• [ABOUT THIS TASK]: Reproduce the data below exactly as written. Pictures do not belong in the copy.

Brief descriptive captions:
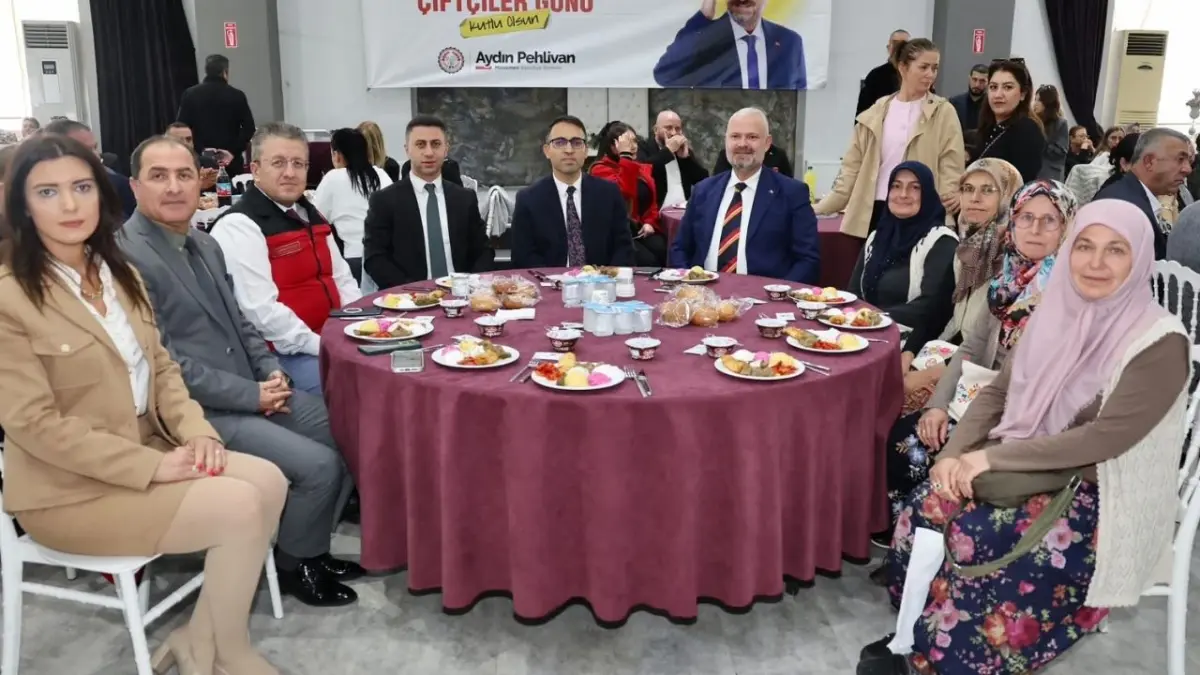 Başkan Pehlivan: Menemen’in kadınları üretirse, Menemen güçlenir!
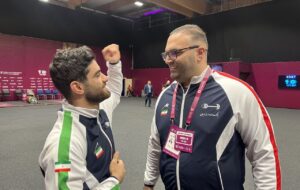 بهداد سلیمی: عبدالله غیرت کرد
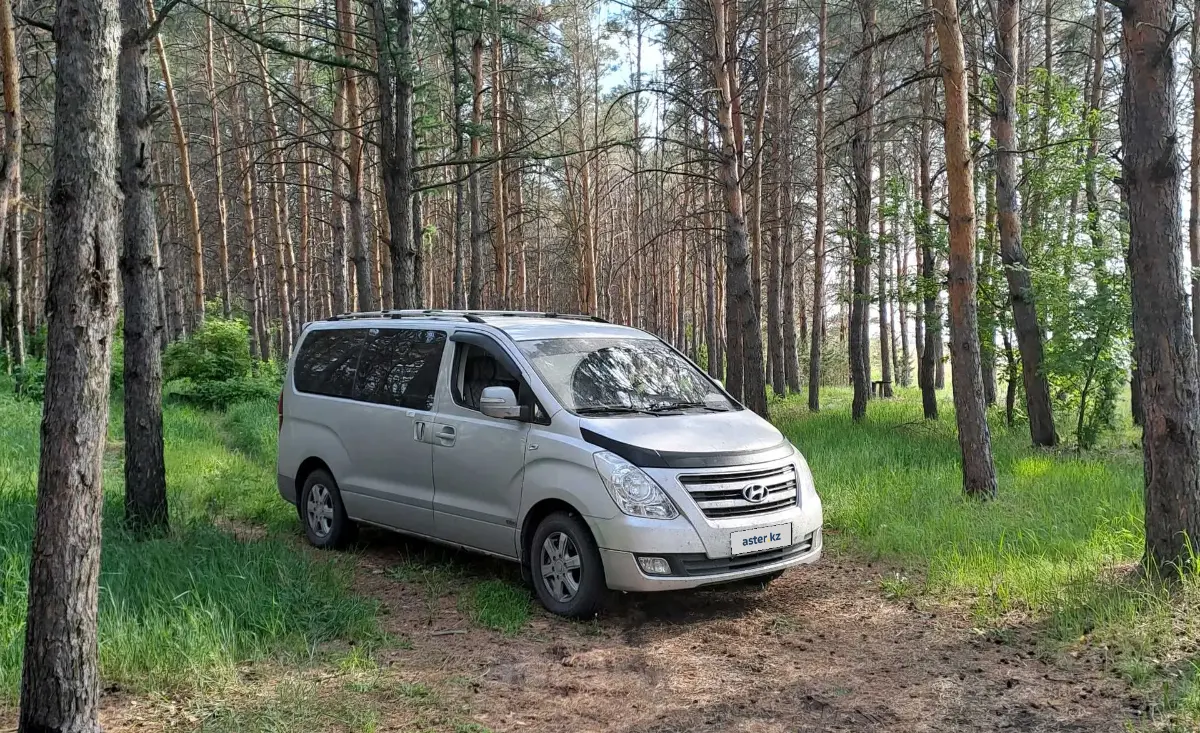 Купить Hyundai Grand Starex 2009 года в Кокшетау, цена 10500000 тенге.  Продажа Hyundai Grand Starex в Кокшетау - Aster.kz. №c854680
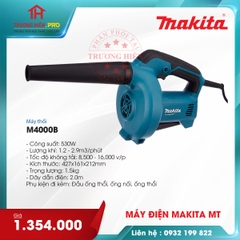 MÁY THỔI MAKITA M4000B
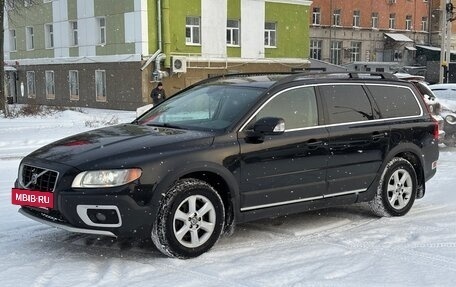 Volvo XC70 II рестайлинг, 2008 год, 1 290 000 рублей, 2 фотография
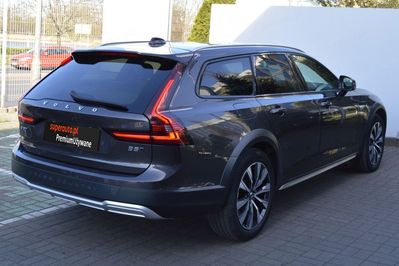 Volvo V90 Cross Country B5 D AWD Pro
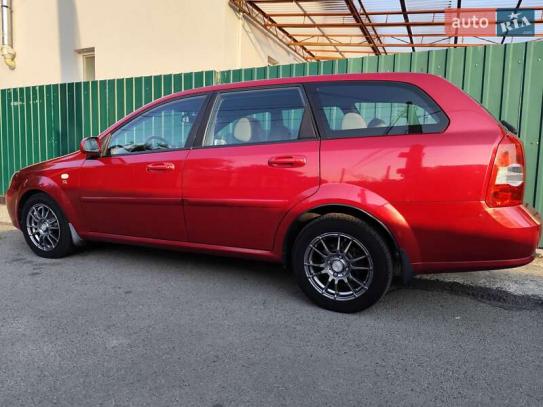 Chevrolet Lacetti 2010г. в рассрочку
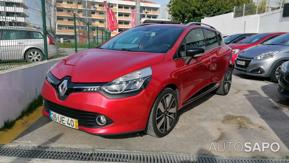 Renault Clio 1.5 dCi Luxe de 2016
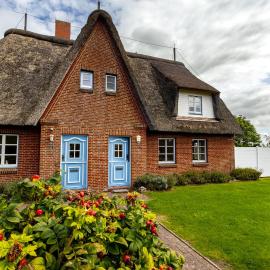 Doppelhaushälfte Meerlust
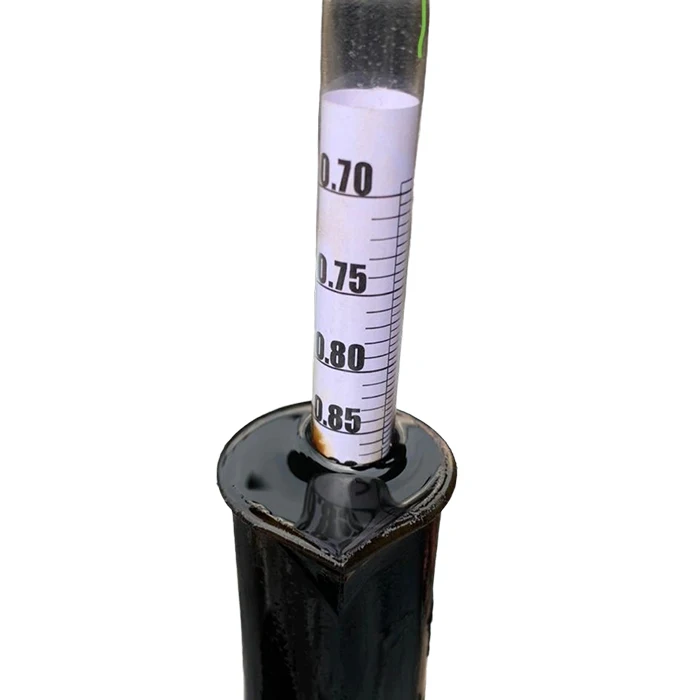 Malaysia Factory Price Black Light Fuel Oil For Sale Base Oil and Lubricants Grease Type Stickiness Improver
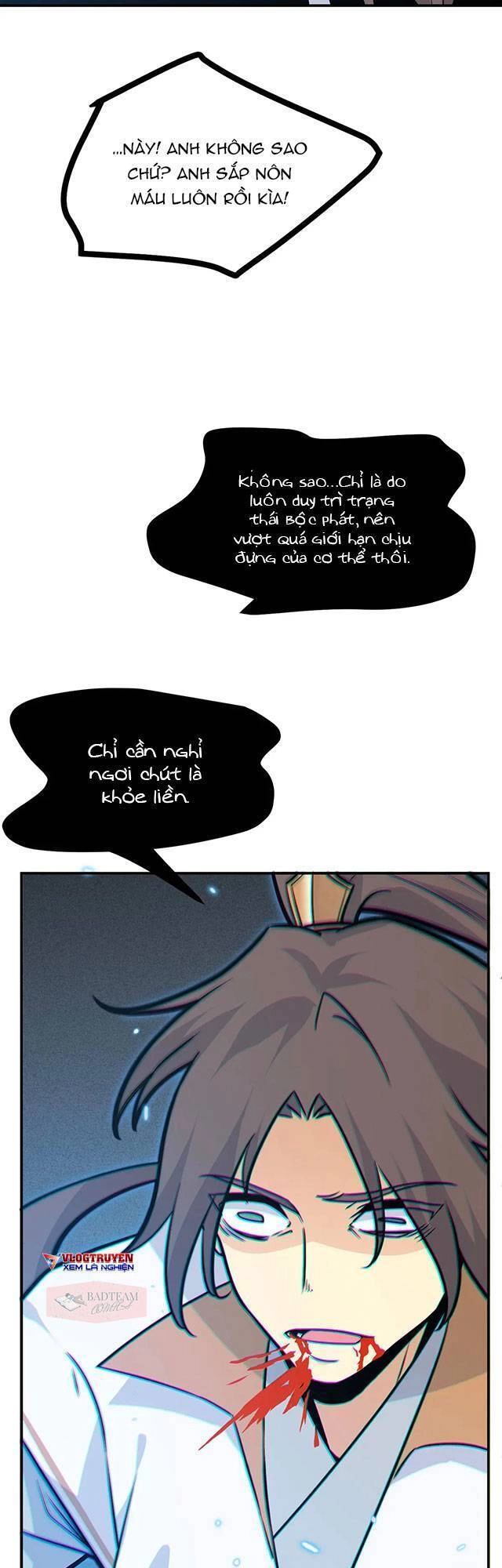 Nhất Quyền Bạo Tinh Chapter 6 - 21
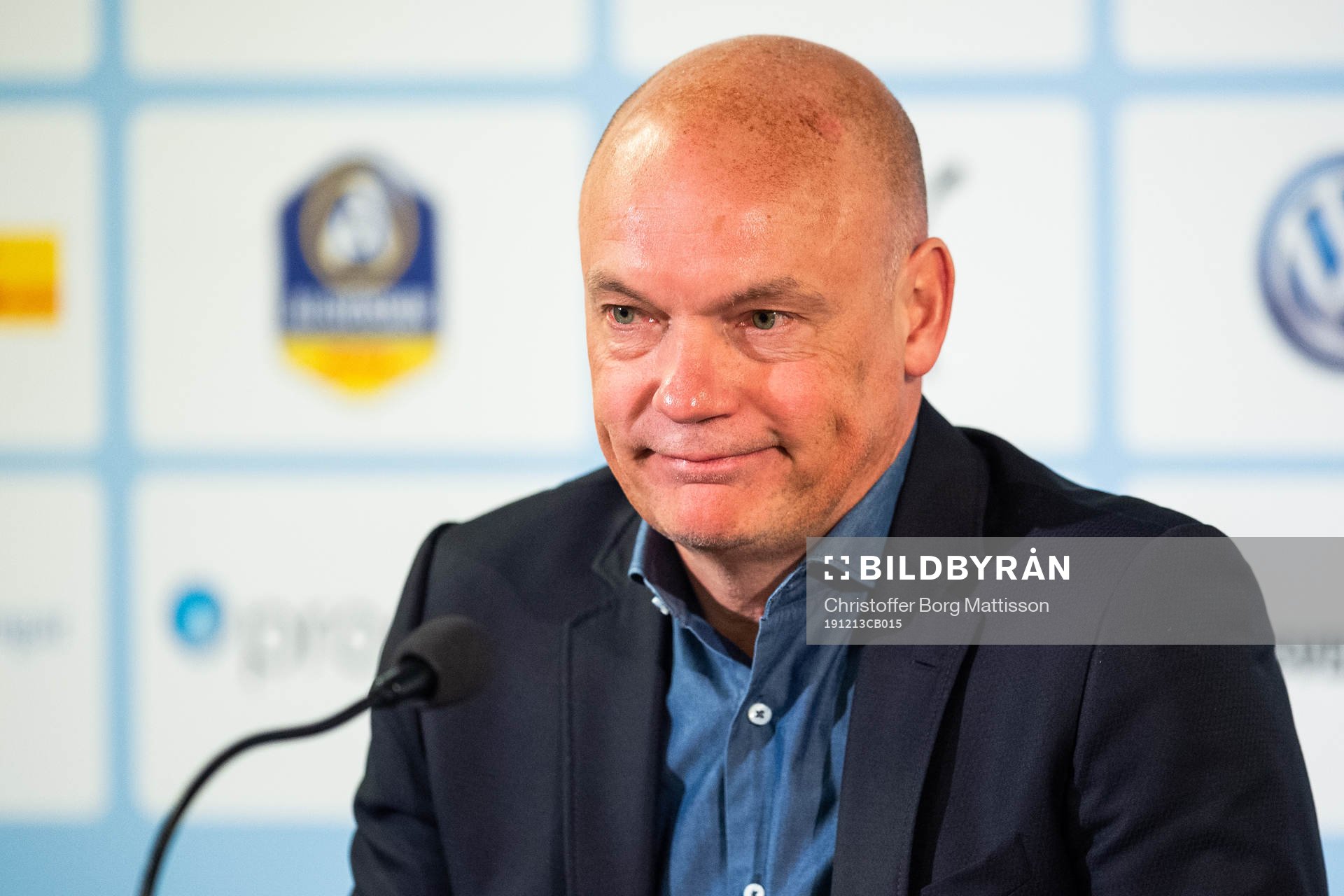 Avgående tränare Uwe Rösler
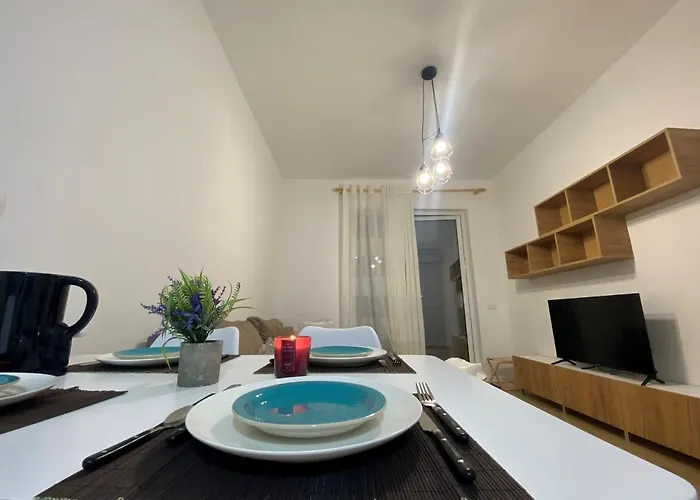 Urban Oasis 地拉那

• [COMPLETED TASK]:
 Başkan Pehlivan: Menemen’in kadınları üretirse, Menemen güçlenir!
 بهداد سلیمی: عبدالله غیرت کرد
 Купить Hyundai Grand Starex 2009 года в Кокшетау, цена 10500000 тенге.  Продажа Hyundai Grand Starex в Кокшетау - Aster.kz. №c854680
 MÁY THỔI MAKITA M4000B
 Volvo XC70 II рестайлинг, 2008 год, 1 290 000 рублей, 2 фотография
 Volvo V90 Cross Country B5 D AWD Pro
 Chevrolet Lacetti 2010г. в рассрочку
 Renault Clio 1.5 dCi Luxe de 2016
 Doppelhaushälfte Meerlust
 Malaysia Factory Price Black Light Fuel Oil For Sale Base Oil and Lubricants Grease Type Stickiness Improver
 Nhất Quyền Bạo Tinh Chapter 6 - 21
 Avgående tränare Uwe Rösler
 Urban Oasis 地拉那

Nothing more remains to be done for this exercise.